Sherman (American, b. 1954) is widely recognized as amongst the most important contemporary artists of the last 40 years, and arguably the most influential artist working exclusively with photography. Today her work is the unchallenged cornerstone of Post-Modern photography. Throughout her career, Sherman has presented a sustained, eloquent, and provocative exploration of the construction of contemporary identity and the nature of representation, drawn from the unlimited supply of images from movies, TV, magazines, the Internet, and art history.
Working as her own model for more than 30 years, she has generated a range of guises and personas that are by turns amusing and disturbing, distasteful and affecting. To create her photographs, she works unassisted in her studio and thus assumes multiple roles as photographer, model, art director, make-up artist, hairdresser, stylist, and wardrobe mistress. Through her vision and skillful masquerades, Sherman has created an astonishing and continually intriguing variety of characters that resonate deeply within our visual culture.

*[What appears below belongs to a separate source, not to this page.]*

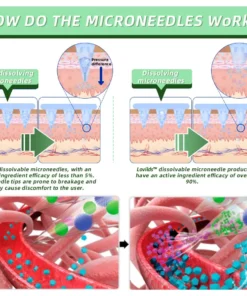 LOVILDS® SMGT-GLP-1 Nano Microneedle Patch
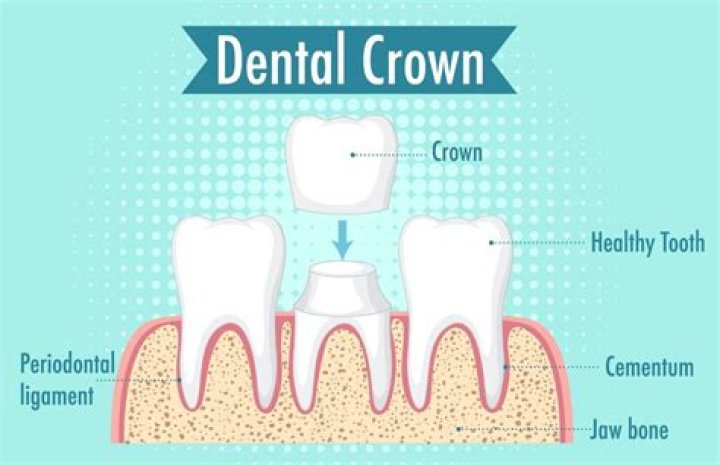 How long do dentists guarantee crowns?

The exhibition will showcase Sherman's greatest achievements to date through the extraordinary range and evolution of her work, from her early experiments as a student in Buffalo in the 1970s to her recent large-scale photographic murals. The exhibition focuses on some of the dominant themes prevalent throughout Sherman's work, such as artifice and fiction; cinema and performance; horror and the grotesque; myth and fairy tale; and gender and class identity. A selection of ambitious and celebrated works will be highlighted, including a complete set of the seminal Untitled Film Stills (1977-80) and a complete group of her 12 centerfolds (1981), and selections from major series such as fairy tales/mythology (1985), history portraits (1988-90), sex pictures (1992), headshots (2000), clowns (2002-04), fashion (1983-84, 1993-94, 2007-08), and society portraits (2008). In addition, a site-specific photographic mural produced in 2011-12 will be shown in the United States for the first time in this exhibition. The emphasis on new work presents an opportunity for reassessment in light of the latest developments in Sherman's oeuvre. The exhibition's structure acknowledges the artist's serial working method while also allowing for multiple readings of her work.